Overall, Tuesday had the feel of a parliamentary election in which individual candidates had only limited ability to separate themselves from the national tide. Put another way, the name on the back of the jersey mattered less than the color on the front.
Particularly in the House, Democrats from all segments of the party were swept away. The Democratic House losses were greatest in the sorts of places that have been most skeptical of Obama from the outset. Democrats representing districts that voted for John McCain in 2008 were routed: Republicans appear to have gained at least three-fourths of the 48 seats now held by Democrats in that category.
In a geographic reflection of Obama's weakness among blue-collar white voters, a partial count showed that Republicans captured the seats of at least 35 House Democrats in districts where the percentage of whites with a college degree lags the national average of 30.4 percent. House Democrats elected in 2006 and 2008, when George W. Bush's weakness allowed the party to expand deep into traditionally Republican terrain, also suffered heavy losses. Geographically, Democrats were especially hard hit through the border states and industrial Midwest: The party lost five House seats in Ohio, five in Pennsylvania, three in Tennessee, two in Indiana, and at least three in Illinois. Meanwhile, Republicans captured governorships in Michigan, Wisconsin, and Ohio, flipped Senate seats in Wisconsin, Indiana, and Illinois, and easily held an open Republican seat in Ohio.

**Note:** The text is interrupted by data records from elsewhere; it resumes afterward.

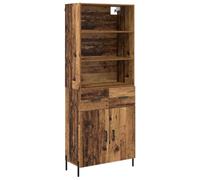 mtlskopl Buffet Haut Armoire de Salon et Salle à Manger, Meuble de Rangement en Bois d'Ingénierie Coloris Bois Ancien, 69,5 x 32,5 x 180 cm, avec 2 Portes et Tiroir
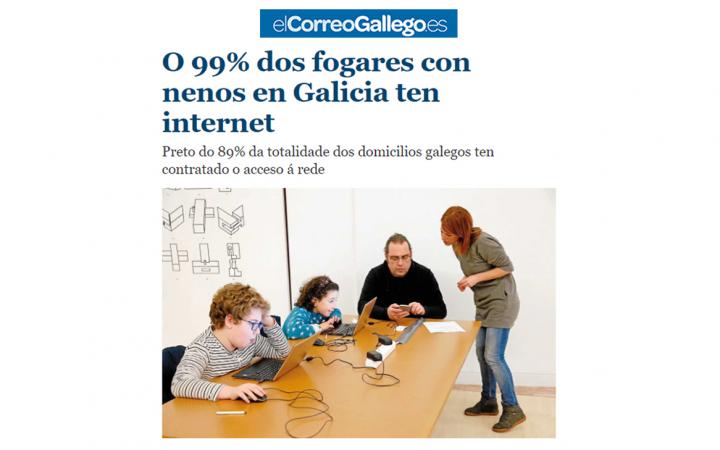 O 99% dos fogares con nenos en Galicia ten Internet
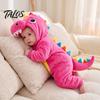Abbigliamento per Feste Cosplay Bambini Costume da Dinosauro per Bebè, Tuta con Cappuccio per Halloween, Tuta Morbida in Peluche, Body in Poliestere con Punte e Coda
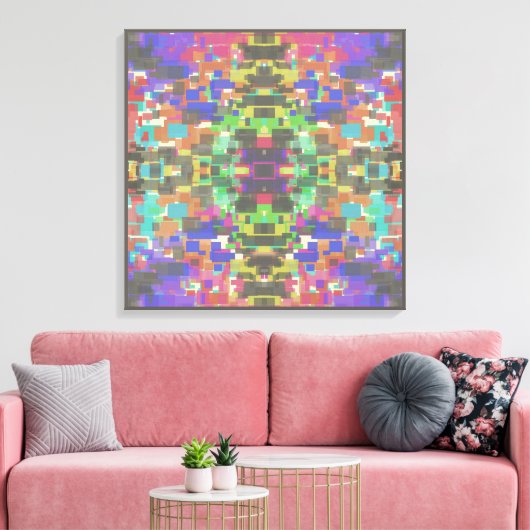 Pixelated Patterned Beyond Colors Of The Rainbow Canvas Afdruk (Insitu (Woonkamer))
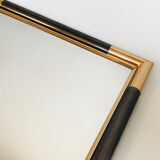 Gold and black marbled metal mirror, 1970s vintage design, Italy
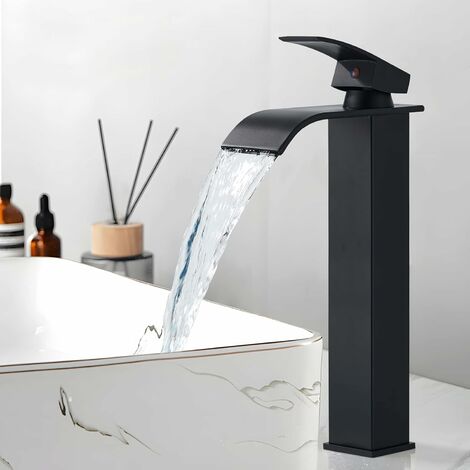 SUGUWORD Black Basin Mixer Taps,Tall Waterfall Bathroom Sink Taps,Single Lever Handle Countertop Washbasin Mixer Tap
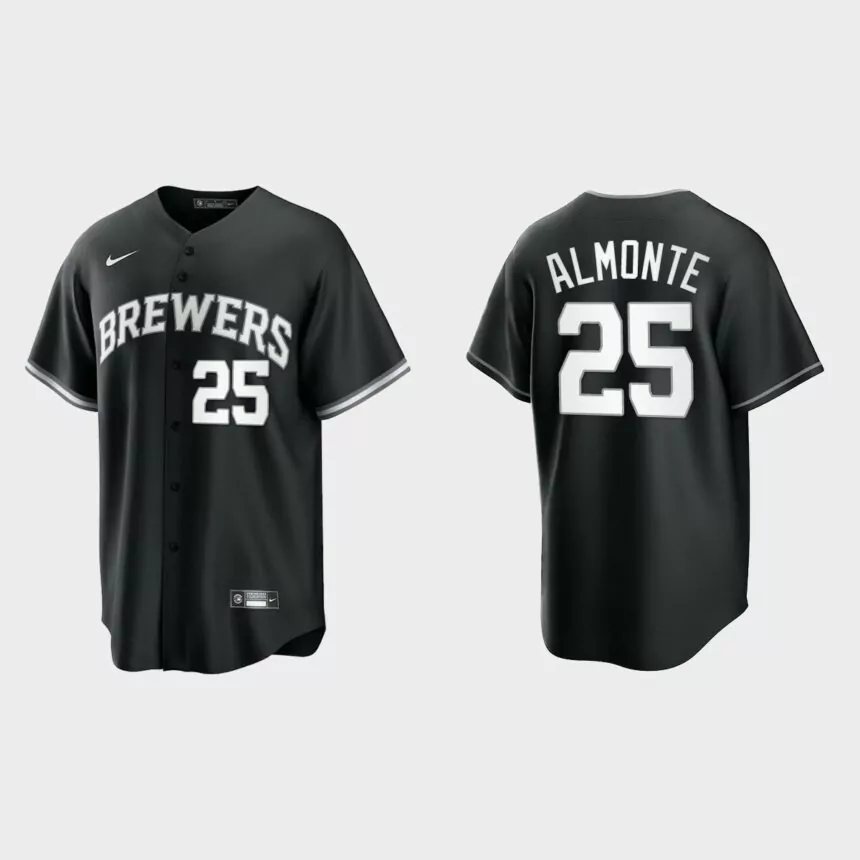 Milwaukee Brewers Abraham Almonte Replica Official Jersey – Black White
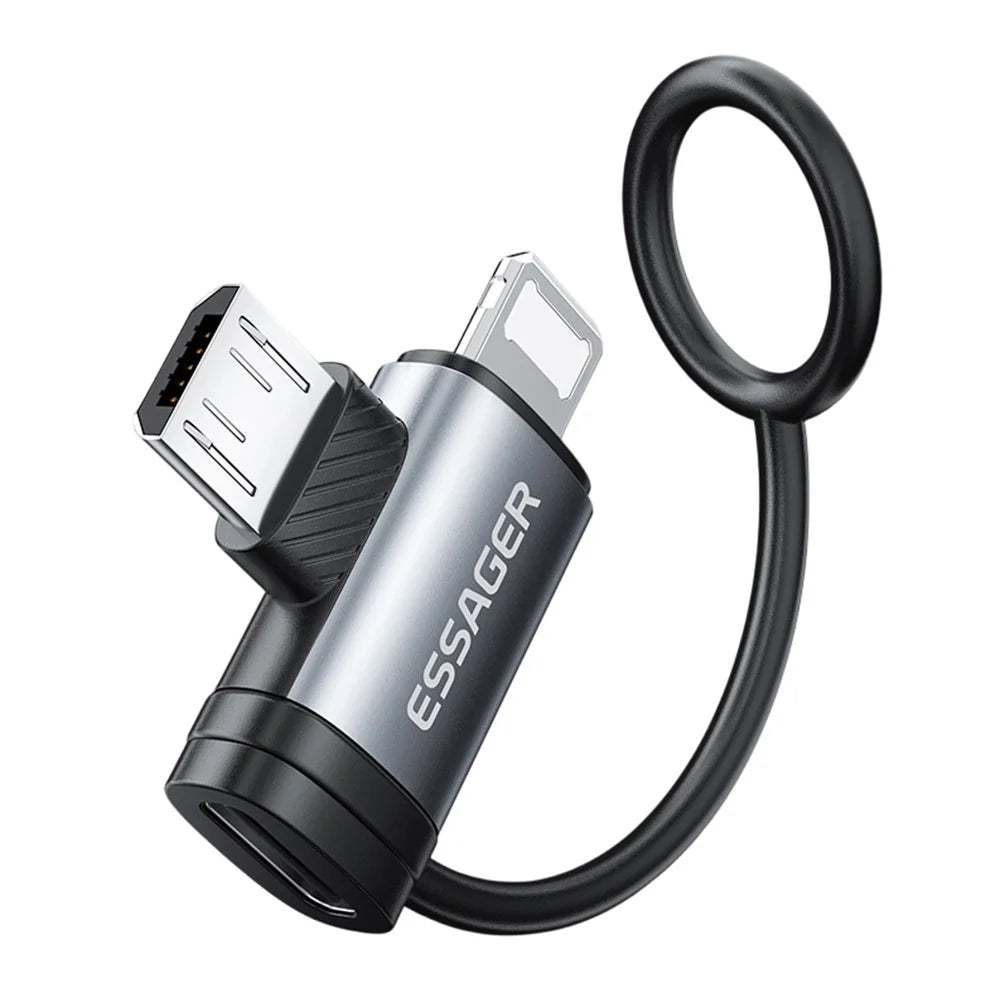 ESSAGER 2-in-1 Adapter Type-C Female to iP (5-14) Male + Micro USB Male 3A Fast Charging Cable Adapter Converter - 1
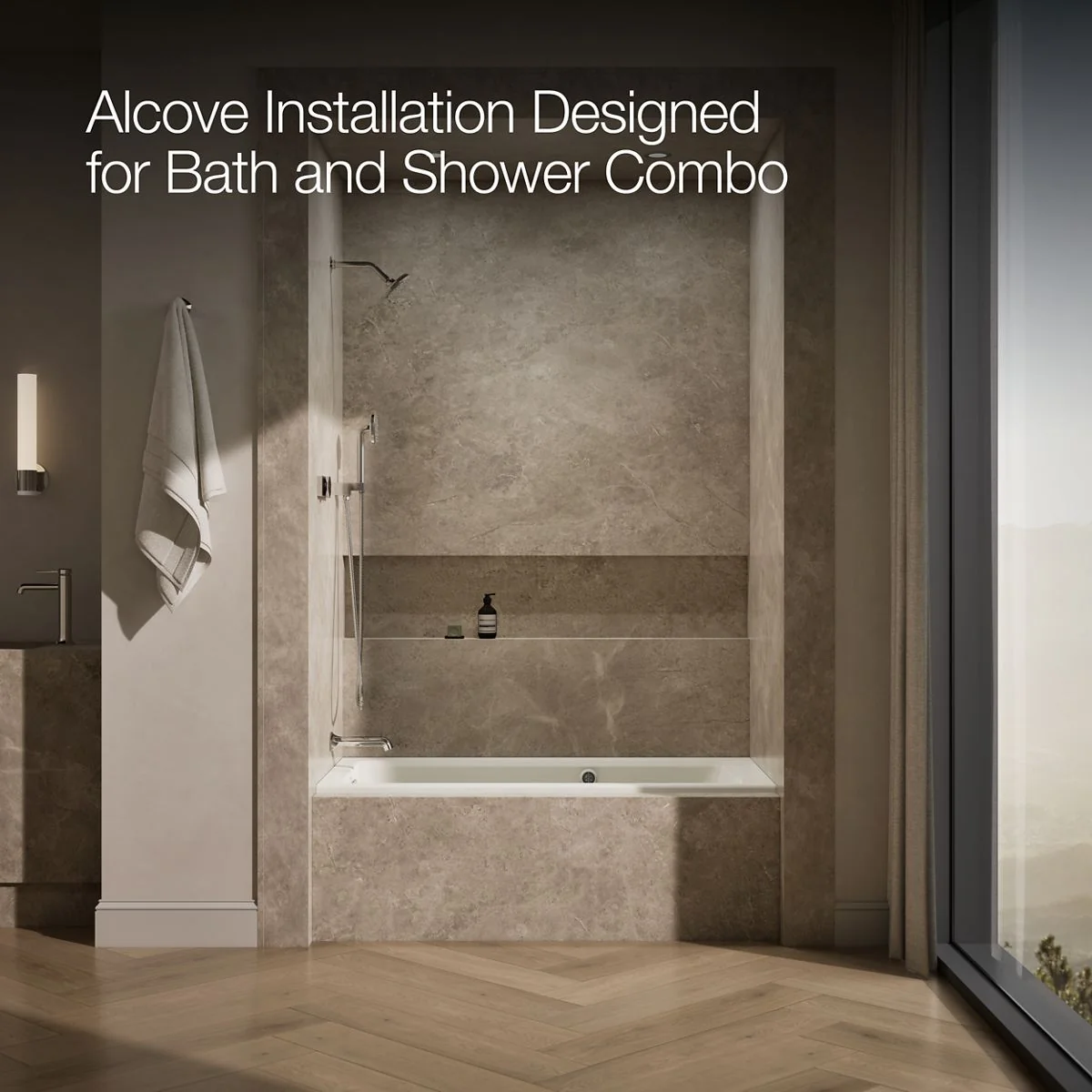 KOHLER K-1947-LW Archer 60" x 30" alcove whirlpool bath with Bask heated surface, left drain - Image 23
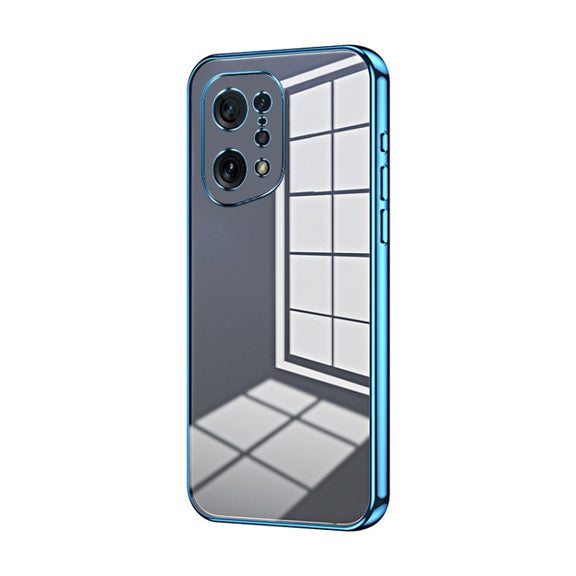 For OPPO Find X5 Transparent Plating Fine Hole Phone Case(Blue)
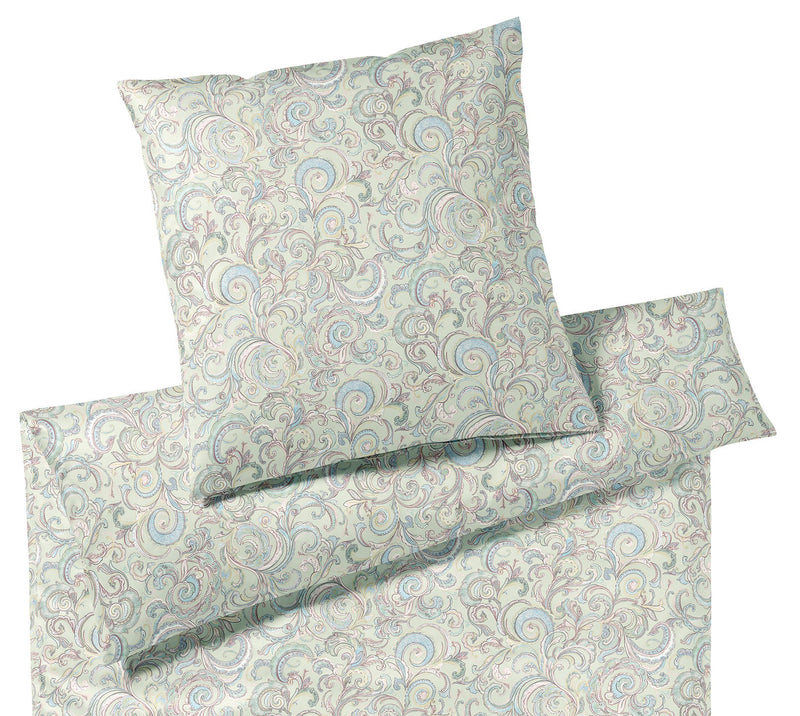 Interlock Jersey Bettwäsche Grace mit Paisley-Muster – Zartgrün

But the election's blast radius extended well beyond those highly-vulnerable categories. Besides the freshman and sophomore Democrats, the election also claimed veteran House leaders such as Ike Skelton of Missouri, Paul Kanjorski of Pennsylvania and John Spratt of South Carolina. While the House losses were greatest in downscale blue-collar districts, Democrats also lost white-collar suburban seats in New Jersey, New Hampshire, and the Philadelphia suburbs, and failed to carry the suburban seat vacated by Mark Kirk, the successful GOP Senate challenger in Illinois. Those losses also extended the Democrats' vulnerability beyond swing states to reliably blue states that have been cornerstones of the party's coalition since the 1990s, including New York. There, the party dominated statewide races, but lost a stunning five House seats, mostly through economically squeezed upstate districts. Few Democrats anywhere Tuesday night could feel entirely sheltered from the storm.